▶ _Data section_:
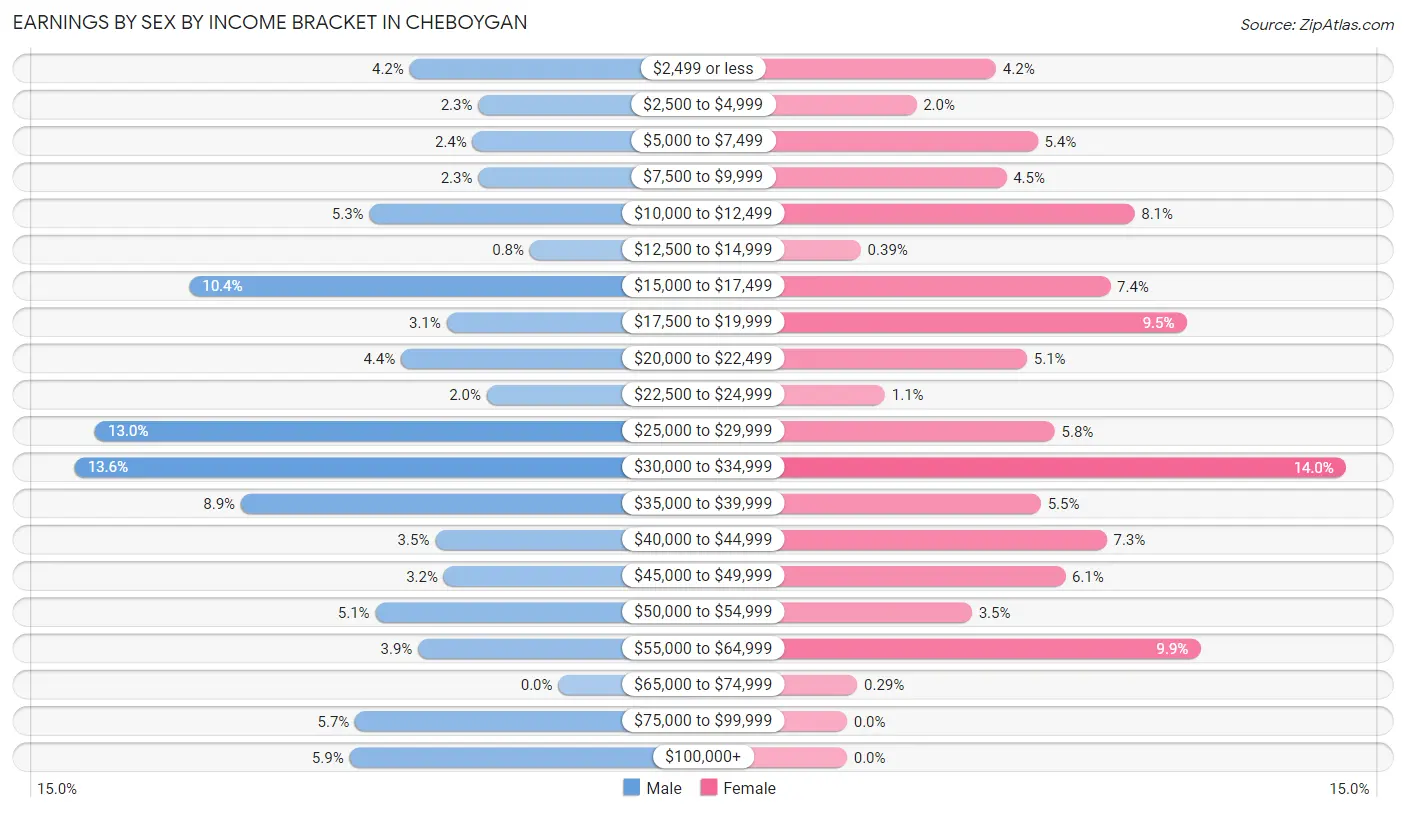 Earnings by Sex by Income Bracket in Cheboygan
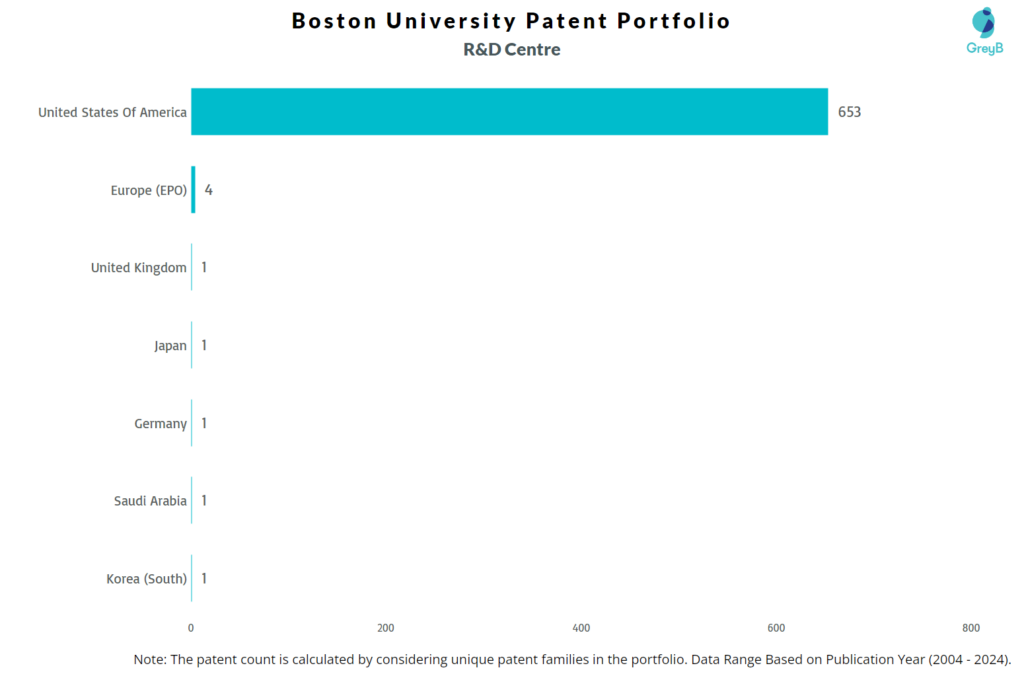 R&D Centres of Boston University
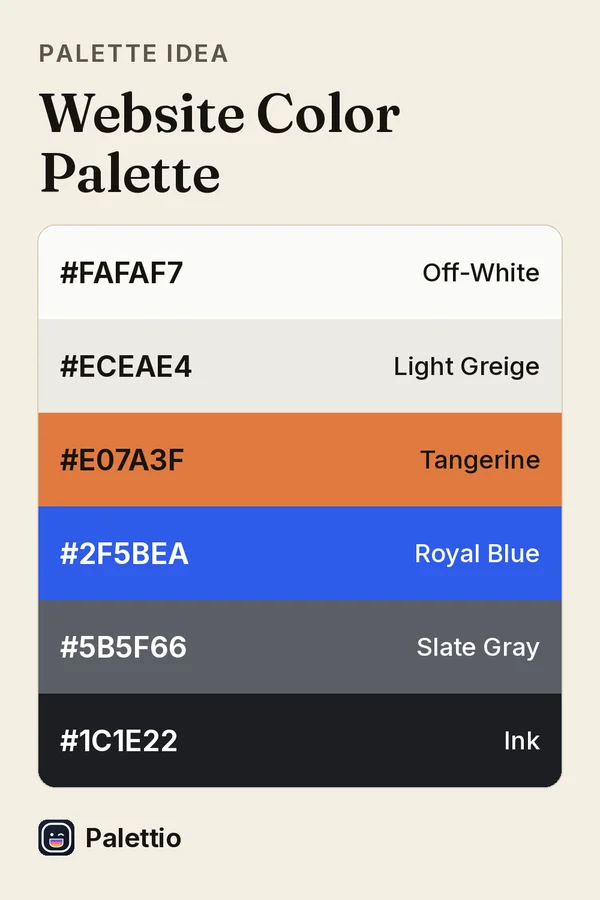 Six stacked color bands on cream paper titled Website Color Palette: Off-White #FAFAF7, Light Greige #ECEAE4, Tangerine #E07A3F, Royal Blue #2F5BEA, Slate Gray #5B5F66, Ink #1C1E22.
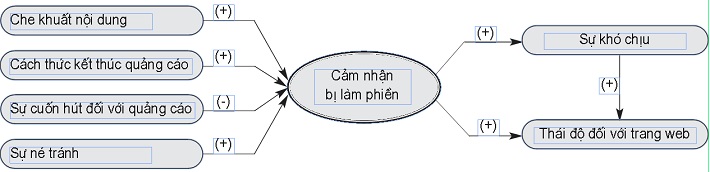 Mô hình nghiên cứu đề xuất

▶ _The task_: Leave the pictures out and output the rest of the data word for word.

▶ _Written solution_:
 Earnings by Sex by Income Bracket in Cheboygan
 R&D Centres of Boston University
 Six stacked color bands on cream paper titled Website Color Palette: Off-White #FAFAF7, Light Greige #ECEAE4, Tangerine #E07A3F, Royal Blue #2F5BEA, Slate Gray #5B5F66, Ink #1C1E22.
 Mô hình nghiên cứu đề xuất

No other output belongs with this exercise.